> REQUIRED WORK
A stretch of the entries below is to be set down exactly, running from the line with "Instructable-01-02.gif" through the line with "VOD Películas", both included, and no other line.

> DATA EXTRACT
################

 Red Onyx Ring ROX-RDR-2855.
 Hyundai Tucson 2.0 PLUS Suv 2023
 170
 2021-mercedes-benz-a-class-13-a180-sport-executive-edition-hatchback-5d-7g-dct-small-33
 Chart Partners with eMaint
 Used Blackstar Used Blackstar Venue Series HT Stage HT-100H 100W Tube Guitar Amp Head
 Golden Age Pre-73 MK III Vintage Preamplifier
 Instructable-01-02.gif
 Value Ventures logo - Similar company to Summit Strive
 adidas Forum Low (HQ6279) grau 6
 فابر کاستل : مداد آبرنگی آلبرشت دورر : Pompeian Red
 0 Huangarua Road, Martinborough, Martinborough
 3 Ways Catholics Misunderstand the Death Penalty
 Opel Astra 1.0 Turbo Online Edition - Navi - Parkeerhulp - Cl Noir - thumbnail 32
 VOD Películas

################

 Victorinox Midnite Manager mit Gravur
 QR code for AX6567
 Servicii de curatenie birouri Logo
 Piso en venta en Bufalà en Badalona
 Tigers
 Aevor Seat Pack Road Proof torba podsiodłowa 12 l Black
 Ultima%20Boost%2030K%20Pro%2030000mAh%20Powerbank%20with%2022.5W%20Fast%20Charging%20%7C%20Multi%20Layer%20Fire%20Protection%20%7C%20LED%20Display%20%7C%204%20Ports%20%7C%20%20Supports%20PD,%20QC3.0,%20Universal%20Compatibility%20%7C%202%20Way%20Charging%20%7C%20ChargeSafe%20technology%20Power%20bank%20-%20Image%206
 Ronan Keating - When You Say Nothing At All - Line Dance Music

################

> ANSWER TO THIS TASK
 Instructable-01-02.gif
 Value Ventures logo - Similar company to Summit Strive
 adidas Forum Low (HQ6279) grau 6
 فابر کاستل : مداد آبرنگی آلبرشت دورر : Pompeian Red
 0 Huangarua Road, Martinborough, Martinborough
 3 Ways Catholics Misunderstand the Death Penalty
 Opel Astra 1.0 Turbo Online Edition - Navi - Parkeerhulp - Cl Noir - thumbnail 32
 VOD Películas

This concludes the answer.